Exercise goal =
Return the lines beginning at the one that contains "2 Pack Submersible" and running to the end of the records, exactly and with nothing else. Omit pictures.
Start of Material provided
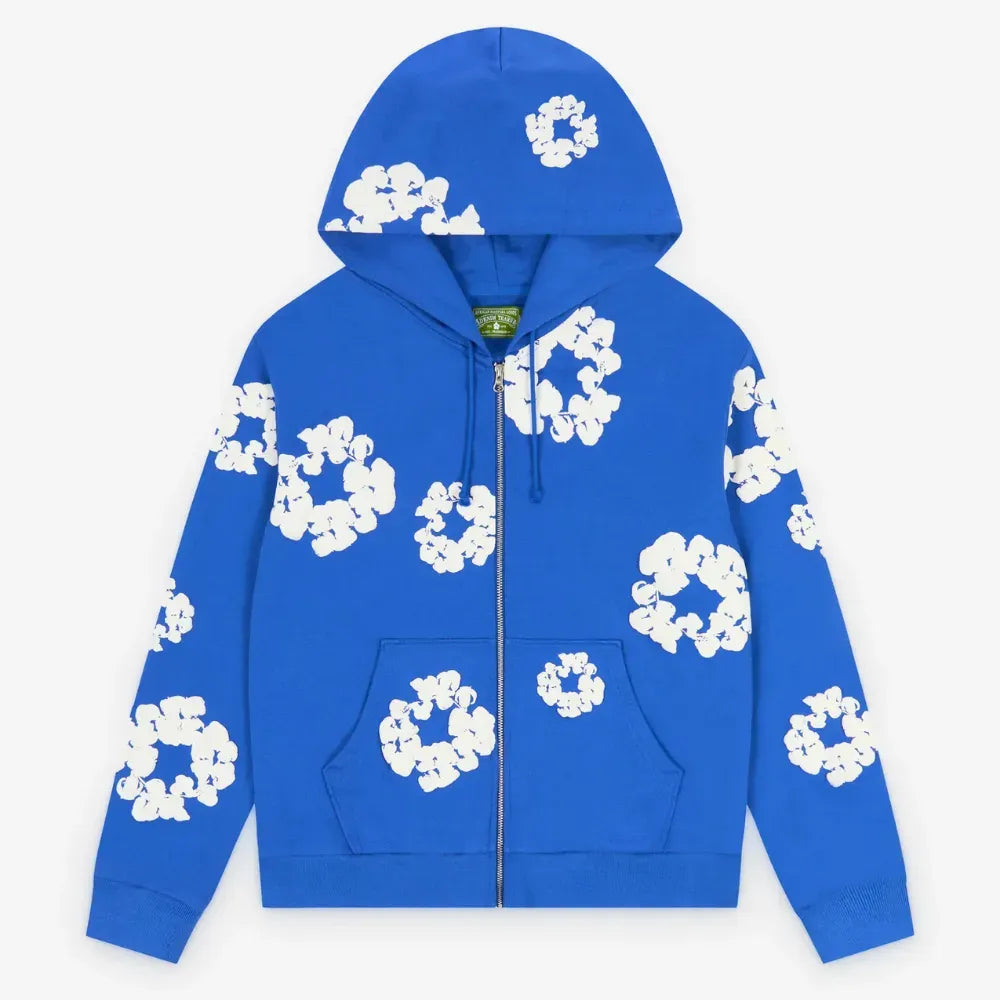 Moletom Denim Tears Cotton Wreath Zip Blue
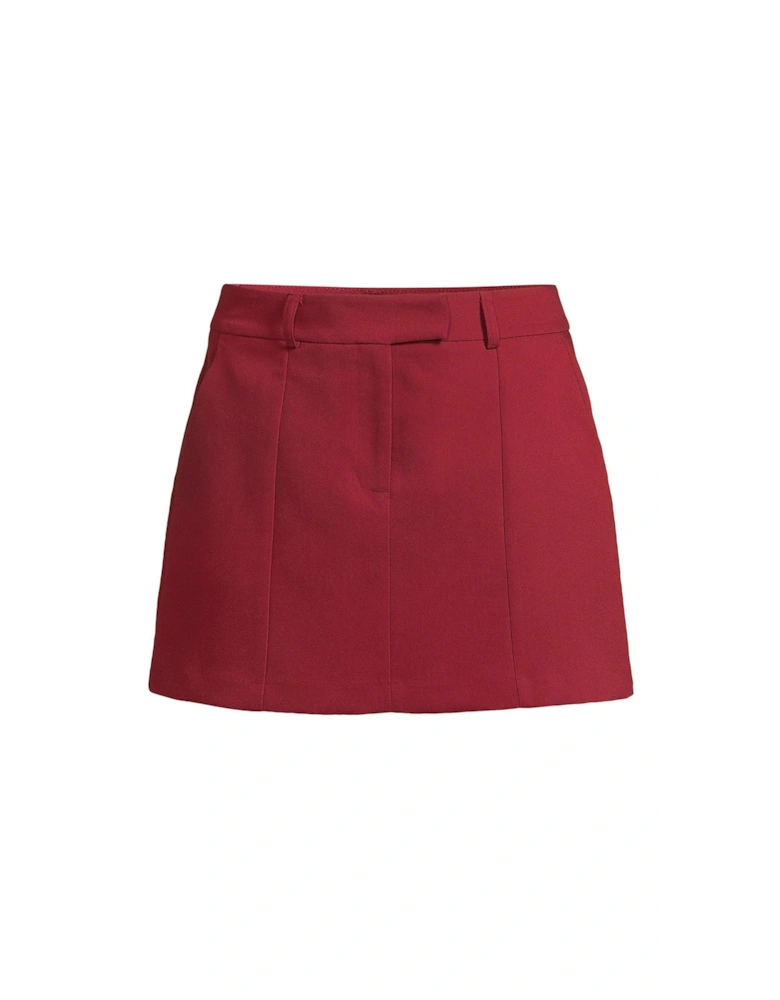 Tailored Mini Skirt - Red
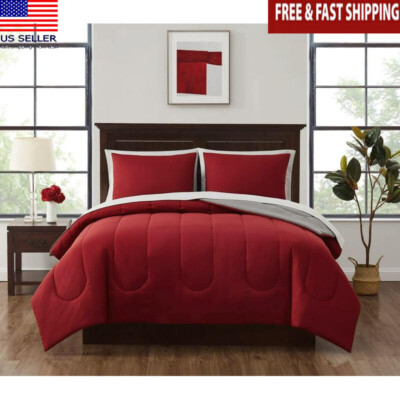 Red Reversible 7-Piece Bed in a Bag Comforter Set Queen Shams Pillowcases New-image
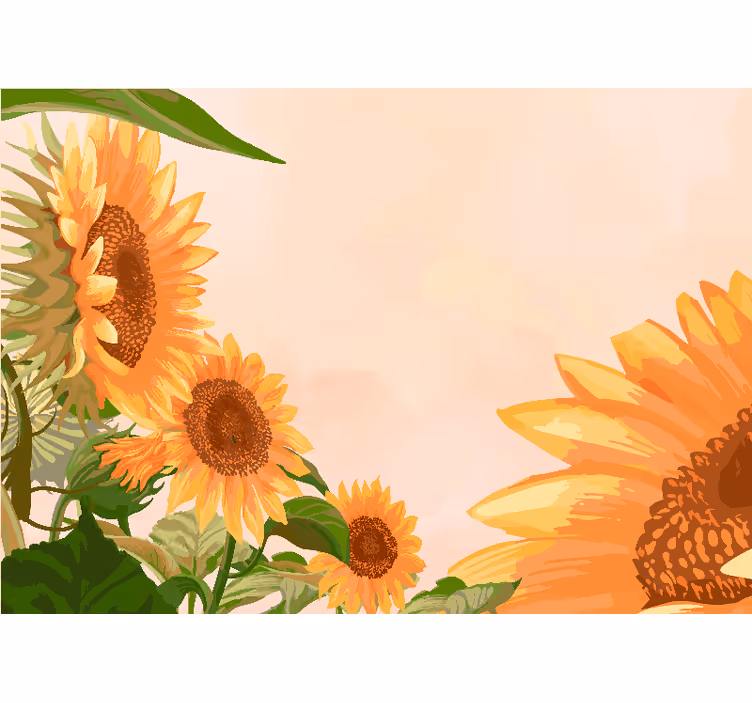 Rollo wohnzimmer mit gemalten sonnenblumen - TenStickers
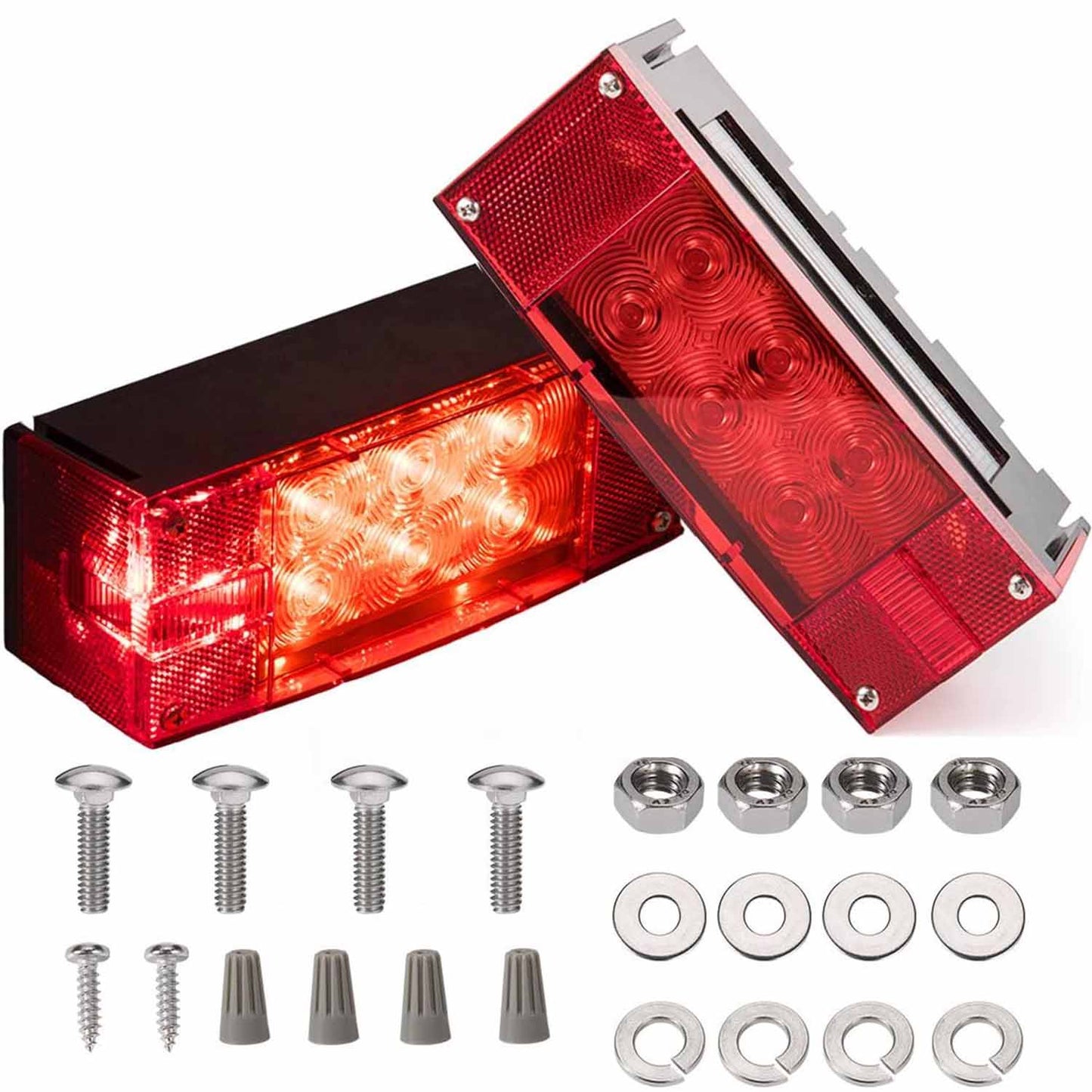 2 Pack Submersible Trailer Lights 12V Rectangular Tail Stop Turn Running Lights Kit Sealed for Boat Trailer Truck Marine - SHARGGE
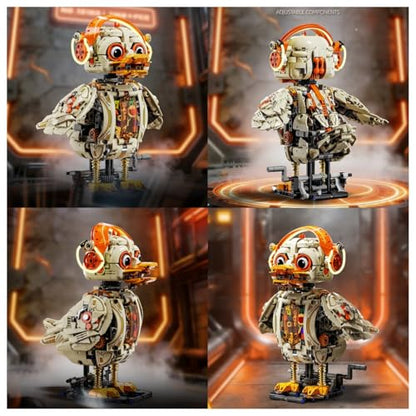 Mechanical Duck Building Blocks Set, STEM Rotating with Moving Wings - color: Duck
End of Material provided
Result below =
 2 Pack Submersible Trailer Lights 12V Rectangular Tail Stop Turn Running Lights Kit Sealed for Boat Trailer Truck Marine - SHARGGE
 Mechanical Duck Building Blocks Set, STEM Rotating with Moving Wings - color: Duck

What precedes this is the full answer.